I wouldn't hand out freebies, and I understand the shaping of expectations, but the wifi thing has been great in that it's what I wanted in my car in the first place, so that my kids can use their tablets and it's paid off big-time in that it sparked discussions that have led to a very lucrative Oracle DB consulting gig and more than one resume request. I drive Uber Select and the wifi thing has gone over well on some of the longer rides, particularly with the tech executives who ride from the affluent suburbs up into SF or down to San Jose. Maybe one in ten long distance riders actually needs the wifi, so the bandwidth consumption is negligible. I certainly wouldn't drive pool and allow the unwashed plebeian classes to update their devices and sync up their cloud accounts on my dime.


----------



## UberKevPA (May 14, 2016)

*Before:* No tip sign, almost no tips.

*After: *Tip sign, slightly more than almost no tips. Some talk of tips.

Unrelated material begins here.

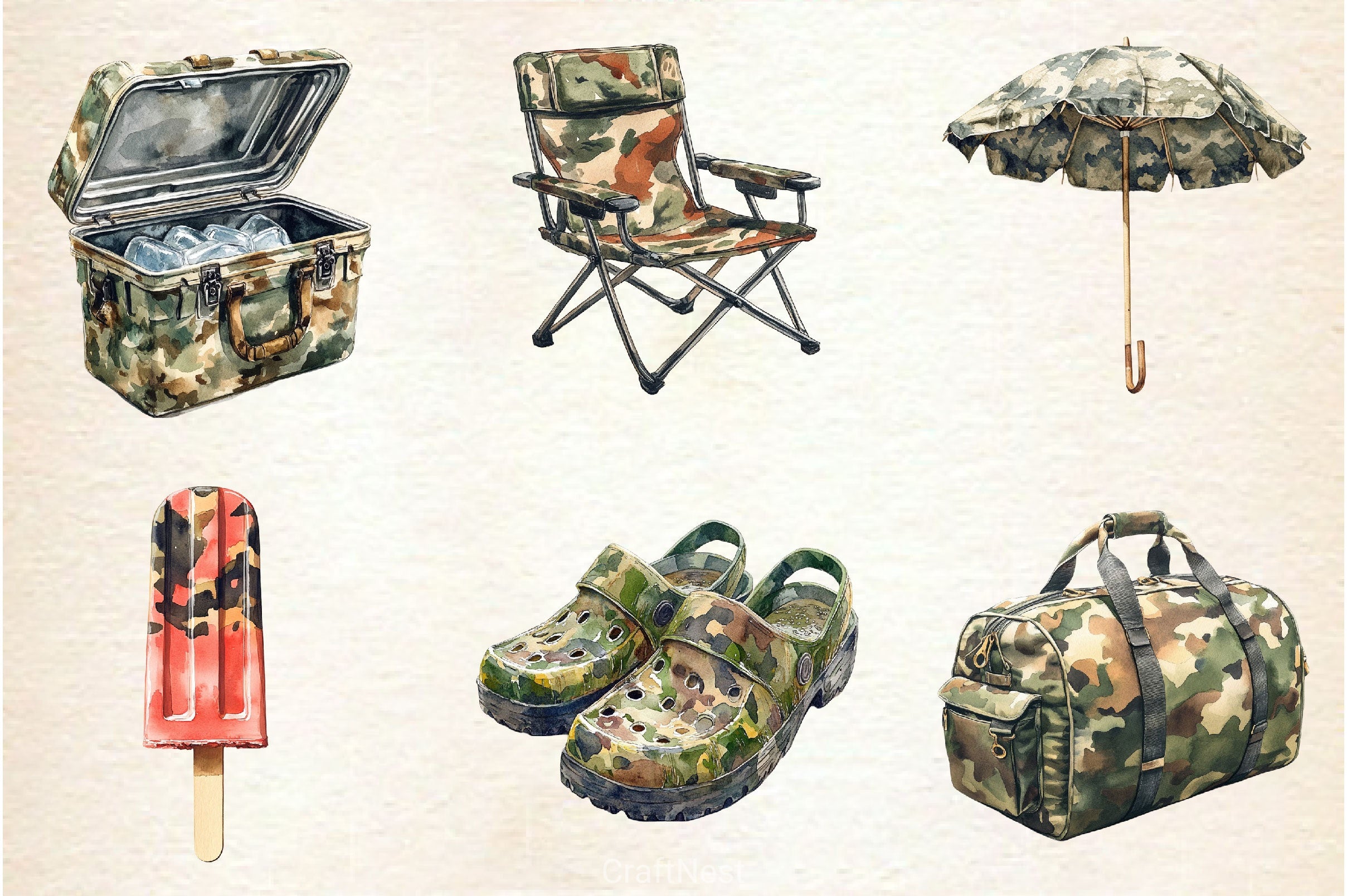 Camouflage Summer Clipart Bundle - CraftNest - Digital Crafting and Art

I had one nice Uber rider touch/adjust the tip sign but did not tip. She worked at the Dairy Queen and was a college student.

Lyft started about two months ago in Erie and at least four riders have said they prefer Lyft so they can tip and they did so. Lyft ride volume still low versus Uber.


----------



## Lee239 (Mar 24, 2017)

If you want tips go be a waitress and work for $2 an hour + tips

Part of the reason people like Uber is they don't have to tip. I would only expect a tip if I help with groceries or luggage in the trunk.


----------



## jp300h (Oct 5, 2016)

People have opposing viewpoints on tip signs. So be it. I added signs and tips went up dramatically. So in my world, they are effective. What you choose to do is solely up to you.


----------



## Go4 (Jan 8, 2017)

Guys relax. This is a driver forum. We deal with the public as service providers. We hold all the bad in then come here. This might be the only place we can vent. We probably shouldn't vent against each other.
My sign simply says 
"Tip your Uber
It's good Karma"


----------



## DRider85 (Nov 19, 2016)

UberKevPA said:


> *Before:* No tip sign, almost no tips.
> 
> *After: *Tip sign, slightly more than almost no tips. Some talk of tips.
> 
> ...


These people should be ashamed of themselves. Talking about tips, encouraging it, and yet not tipping. I don't understand some people these days and I don't think I ever will. But on the other hand I couldn't be prouder of myself for my maturity, common sense and higher moral standards. I guess I was raised better than these new modern day kids. I never considered myself superior. Now I consider myself on the same level as a Saint.



Lee239 said:


> If you want tips go be a waitress and work for $2 an hour + tips
> 
> Part of the reason people like Uber is they don't have to tip. I would only expect a tip if I help with groceries or luggage in the trunk.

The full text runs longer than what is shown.